見出し画像

何銘柄投資するのが最適?

個別株に投資する中で悩むのが「投資する銘柄数」です。

1.「分散投資は無知へのヘッジ」という言葉の意味

一般的には
<集中投資>
・価格上昇による上がり幅が大きい
・効率よく資産上昇するので、資産を拡大するのに向いている
・マイナスの影響も受けやすい
・倒産リスクが大きい

<分散投資>
・価格上昇による上がり幅が小さい
・資産の上下動が少なく、資産を維持しやすい
・倒産リスクが小さい

などの特徴がありますが、個別株に投資する投資家は集中投資を志向している方が多い印象です。
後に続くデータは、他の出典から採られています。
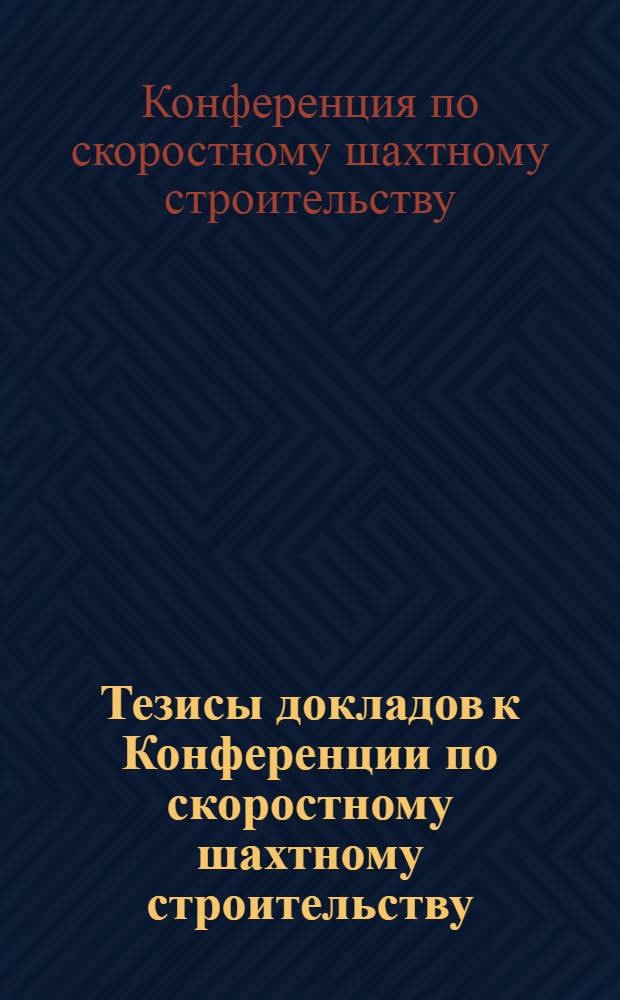 Тезисы докладов к Конференции по скоростному шахтному строительству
集中投資派の根拠としてよく挙げられるのがウォーレン・バフェットの発言
「分散投資は無知へのヘッジである」

というものです。企業分析・研究をして自信のあるのであれば資金を集中させたほうが良いというもので裏を返せば、「自信がないのであれば分散投資をした方が理解不足をヘッジする」ということ(だから、バフェットは同時に自信がないのであればS&P500(インデックスファンド)に投資すれば良いと言っている)なのですが、集中投資をする方にとってバフェットの発言は支えになっているようです。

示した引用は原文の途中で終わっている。